--- TASK ---
Work through the listing below and give again exactly the lines from the one with "Vista aerea di un fiume nel canyon" to the one with "PONTIAC FIREBIRD 2000, VIN 2G2FS22K9Y2110381", both ends included. All other lines and all pictures stay out.

START GIVEN RECORDS

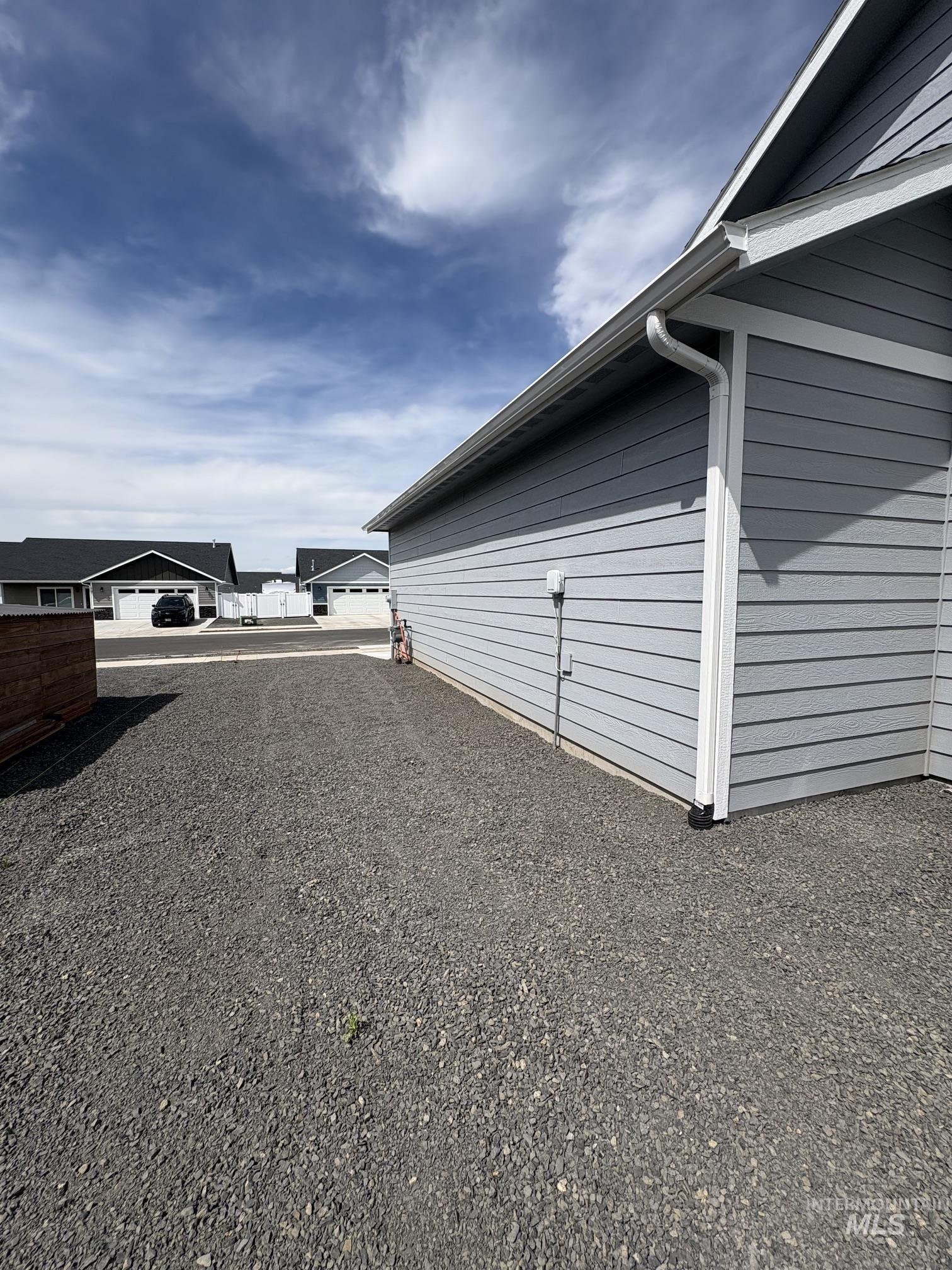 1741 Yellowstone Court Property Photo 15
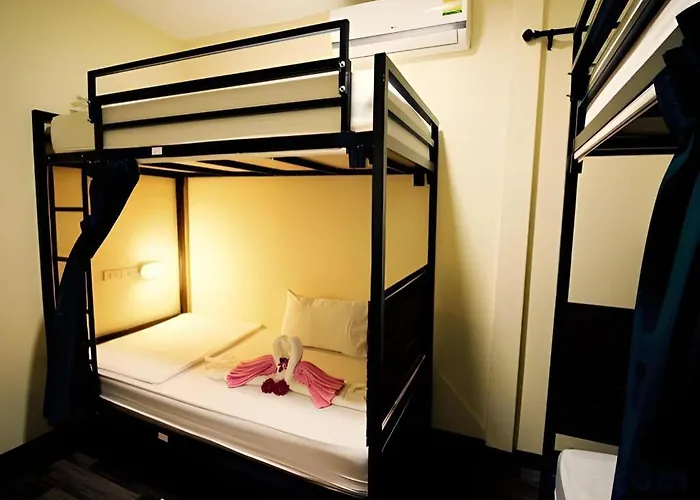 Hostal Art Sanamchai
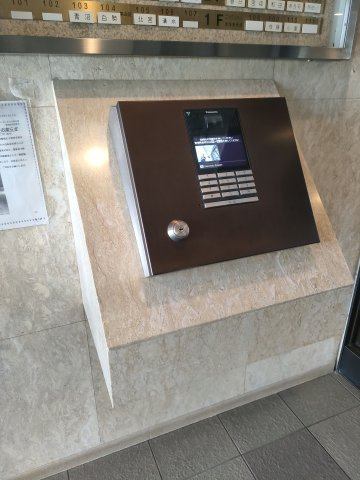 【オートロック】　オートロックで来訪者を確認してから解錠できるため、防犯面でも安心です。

END GIVEN RECORDS
START GIVEN RECORDS

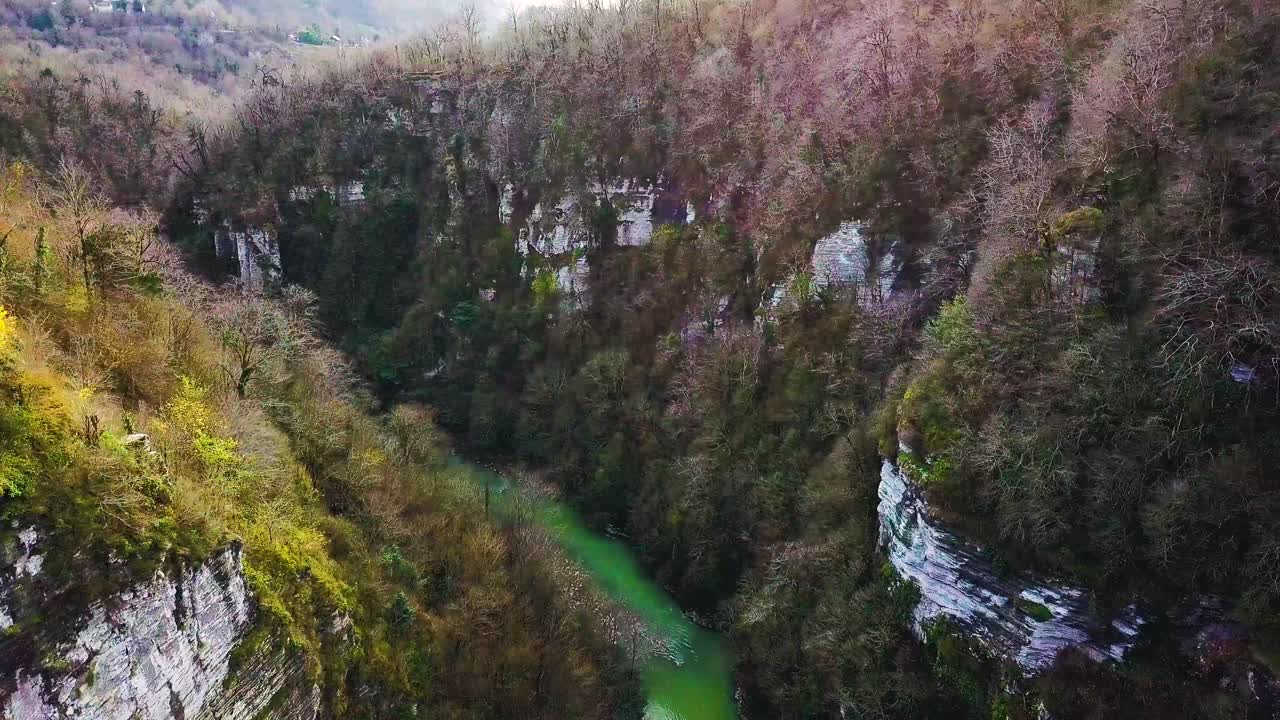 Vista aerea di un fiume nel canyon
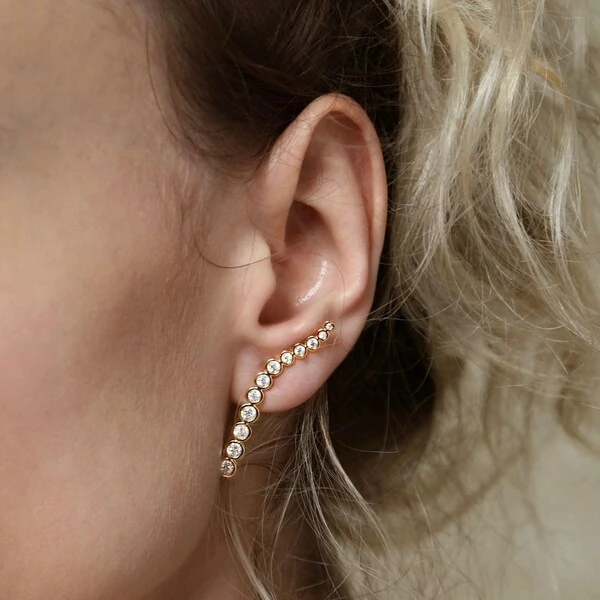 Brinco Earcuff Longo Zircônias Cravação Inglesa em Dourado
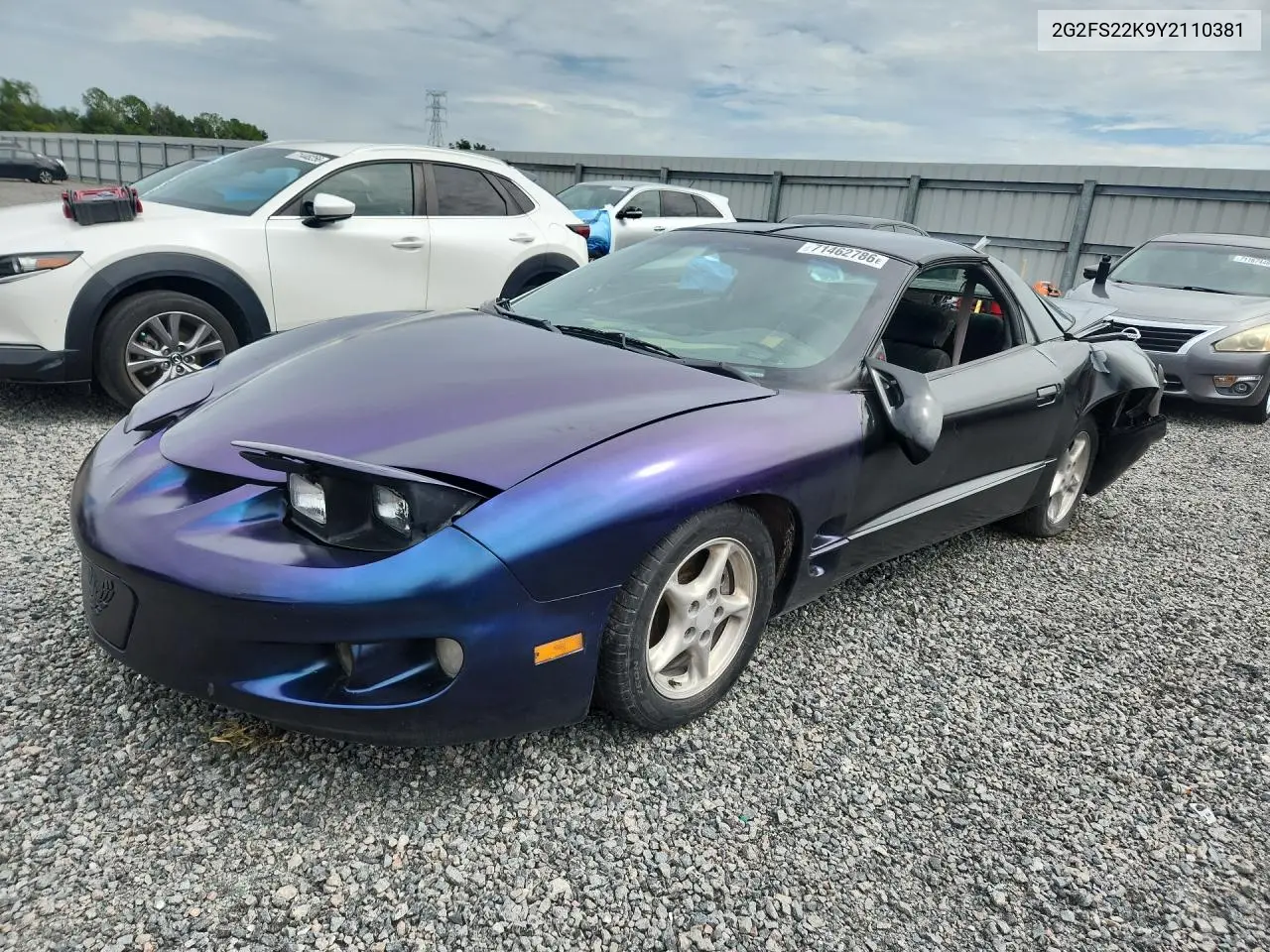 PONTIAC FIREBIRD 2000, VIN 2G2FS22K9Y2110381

END GIVEN RECORDS
START GIVEN RECORDS

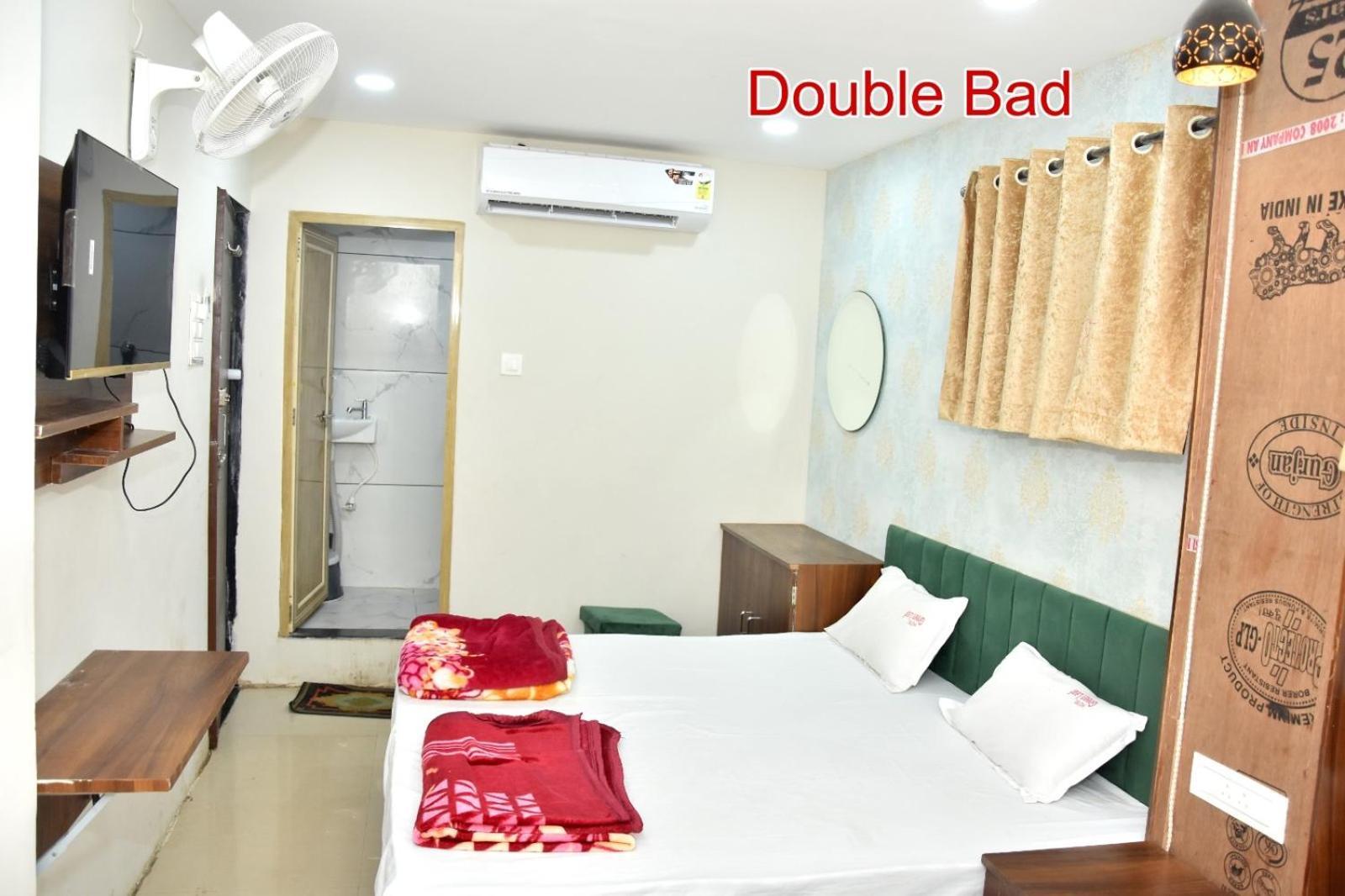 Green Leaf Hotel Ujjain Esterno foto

END GIVEN RECORDS

--- RESPONSE TO THIS EXERCISE ---
 Vista aerea di un fiume nel canyon
 Brinco Earcuff Longo Zircônias Cravação Inglesa em Dourado
 PONTIAC FIREBIRD 2000, VIN 2G2FS22K9Y2110381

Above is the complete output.